Aiming for better-than-average yields
First, while the gap between the high dividend yield index and the Treasury yield has become much smaller, looking under the hood, we find significant dispersion in dividend yields. In the MSCI World High Dividend Yield Index, dividend yields range from 1.48% to 29.95%. This is a broad range, but roughly half of the securities in the index currently offer dividend yields of more than 3.50% (181 of 349 total securities in the index). With careful stock selection, it’s possible to identify better-than-average yielding companies. Investors also have the potential to add value and manage risk at the sector and industry levels.
Real returns really matter
The second reason to incorporate equities in an income-oriented portfolio is inflation. One problem with fixed income is that it is fixed—a bond’s contractual obligations don’t adapt to changing growth and inflationary contexts. Inflation-adjusted income and portfolio returns are important because they reflect purchasing power.

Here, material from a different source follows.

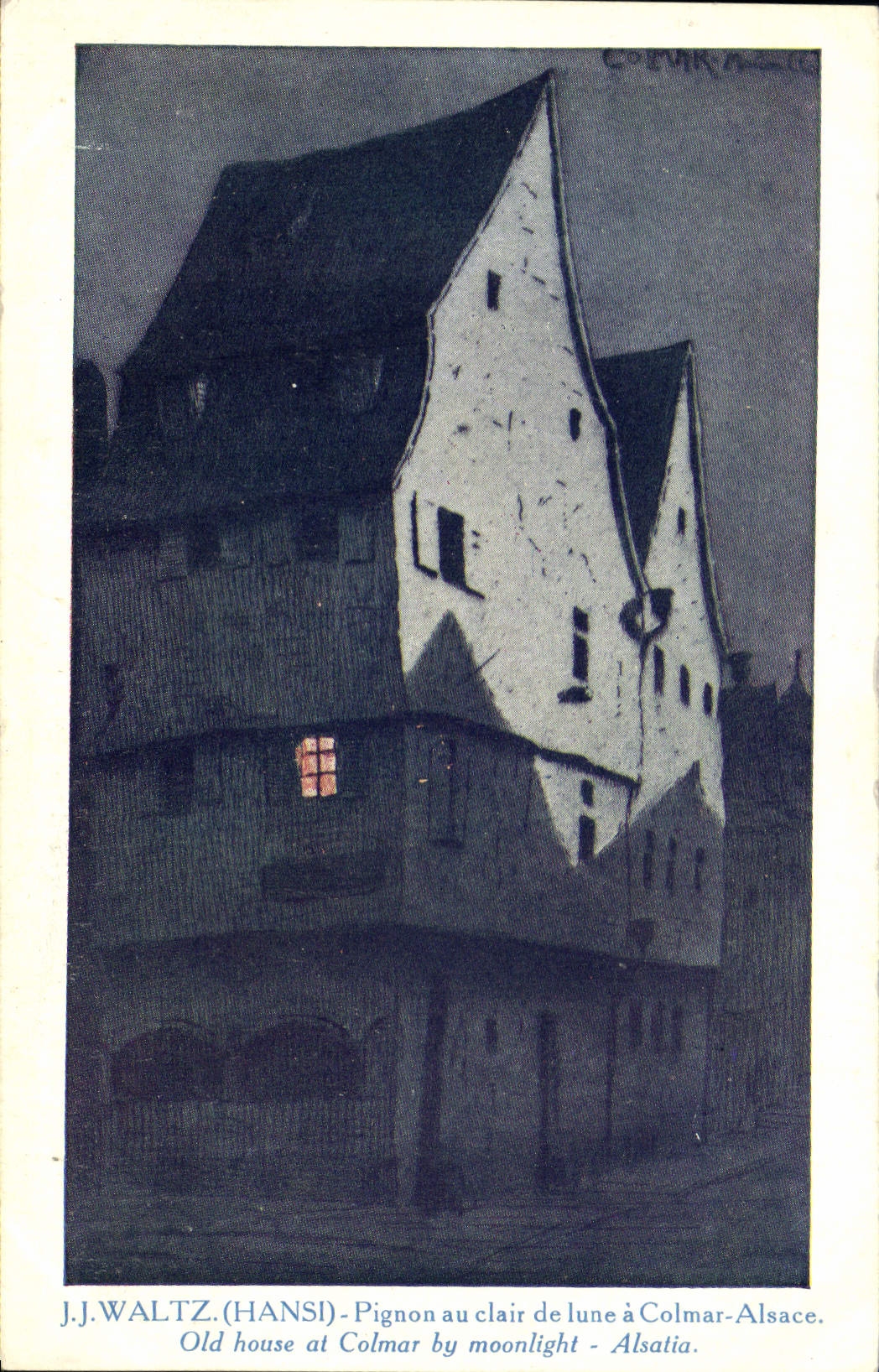 CPA Fantaisie Illustrateur Hansi Alsace Pignon au clair de lune a Colmar Alsace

Historically, equities—and especially dividend-paying equities—have provided attractive inflation-adjusted performance. Since July 1927, real returns on high-dividend-yielding equities outpaced real returns on the 10-year U.S. Treasury bond and on equities that do not pay dividends.

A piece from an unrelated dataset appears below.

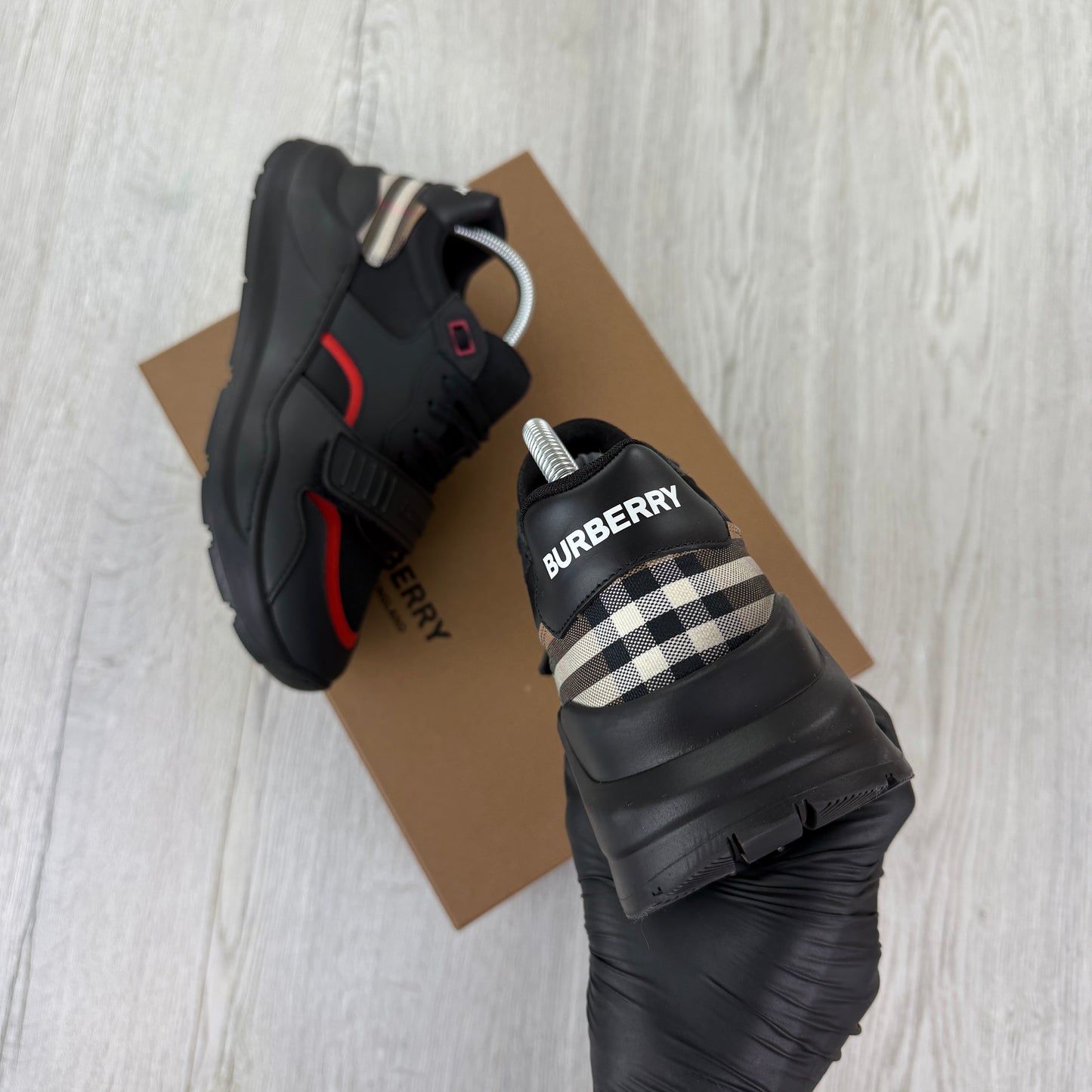 Burberry Men’s Black & Red Ramsey Check Trainers - Uk 7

The higher the starting dividend yield, typically the better the 10-year total real return on equities. Conversely, we’ve seen little relationship between the starting yield on bonds and subsequent 10-year total real returns. This is because of inflation. The price volatility of bonds has been much lower than that of equities. But, higher inflation correlates with bond losses, while you can still have gains with equity prices. Even in inflation-adjusted terms, bonds have been less volatile than even high-dividend-yielding equities. However, consider the real return difference, especially in different inflationary environments. The chart below shows the real average annualized return and risk starting in high-inflation environments (≥3%) versus low-inflation environments. The difference between the 10-year U.S. Treasury and equities is stark, with negative average real returns on Treasuries over this time. All three performed better when inflation was low. But even in low-inflation environments, which portfolio is more likely to support an inflation-adjusted income target without dipping into the principal?

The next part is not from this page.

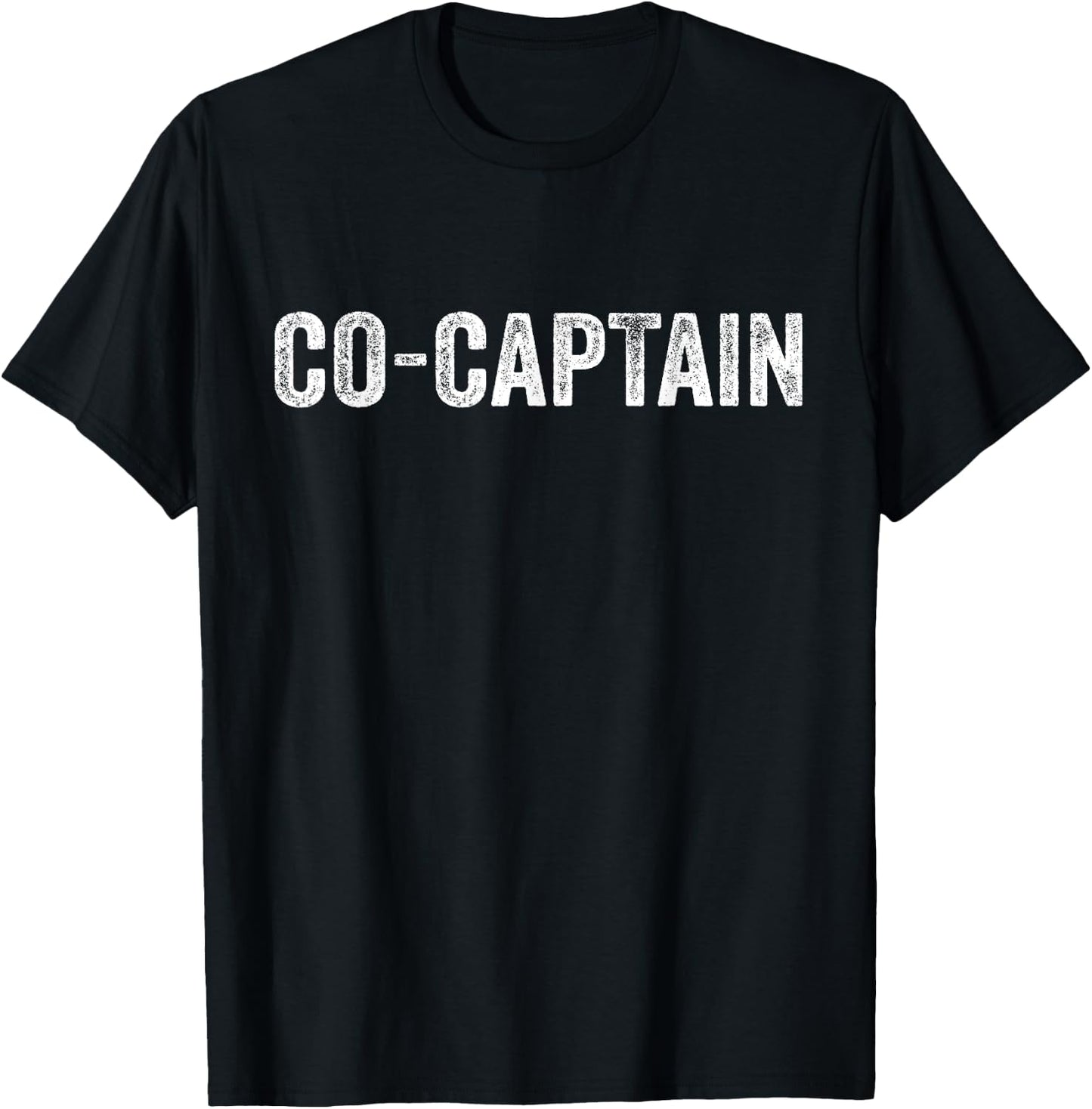 Co-Captain Design Simple Word Text Trendy Funny Wording T-Shirt - T-Shirt | Black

Correlation and volatility
Another thing we find encouraging about equity income is that, while the average total real return is not statistically different from the average total real return of non-dividend payers, the real volatility is statistically lower for higher-dividend payers. Caution must be exercised, however, because while the volatility of high-dividend payers is lower than non-dividend payers, high-dividend payers’ returns are more highly correlated to bond returns than are non-dividend payers’ returns.
Bringing it all together
Our view is that generating portfolio income requires a portfolio perspective, which means considering all asset classes and their correlations, along with individual income, return, and risk characteristics. While income is a little less scarce in the fixed income market now that rates have risen, investors may still be well served by considering equity income—not just to protect portfolio value but also to support the portfolio’s purchasing power.